How to Fix the Housing Crisis in BC

run-down-house

It seems that every year there are fewer and fewer places to rent, and as everyone knows, decreased supply invariably means increased rents. This has an especially negative impact on those at the bottom 30% of the economic spectrum.

The latest stab at fixing the problem comes via the federal government as they promise to blow another 4 billion on housing over the next few years.

In addition to the money, governments and the public have been trying to coerce homeowners into renting out their places, but to no avail. Renting out your place incurs risk that many homeowners don’t want to take.
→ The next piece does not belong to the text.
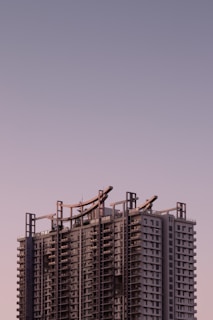 Modern high-end residential building facade with clean lines and glass balconies under soft lavender sky.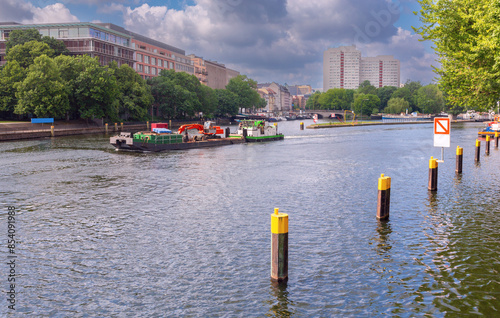 Embankment of the Spree River in the historical part of Berlin on a sunny day. Germany.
Bad renters are rampant, the law is often against the landlord when things go sideways.

This stick approach will not solve the problem. All it does is kick the can down the road, and saddle the next generation with even more government debt.
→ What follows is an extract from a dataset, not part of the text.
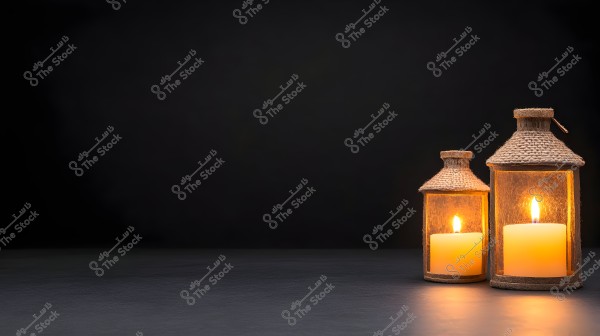 Image of two lanterns lit with candles inside on a dark background. The lanterns are made of glass and decorated with wooden details in a traditional style, glowing with warm candlelight.
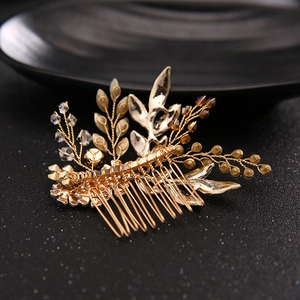 Elegant gold bridal hair comb with metallic leaves and beads on a dark background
If they want to solve the rental shortage in a real way, they need more carrot and less stick. That is say, find ways of providing benefits to the landlord without hurting renters. Here’s one idea: eliminate income tax on rental income, at least under a certain threshold.The last thing they need to do is increase the tax burden on Canadians looking at renting out their basements as the feds are keen to do now. This will only restrict supply either further. Make no mistake about it, any extra costs the government puts on landlords will be passed on to tenants in the long run.

At the very least, the government needs to bring back the incentives available 30 years ago that lead to the apartment housing boom in the first place. Affordable housing is driven by apartment buildings, and most of those in use today were built in the 1970s and 1980s. Many of these buildings are nearing the end of life, so the crunch will only get worse without real incentive to invest in housing.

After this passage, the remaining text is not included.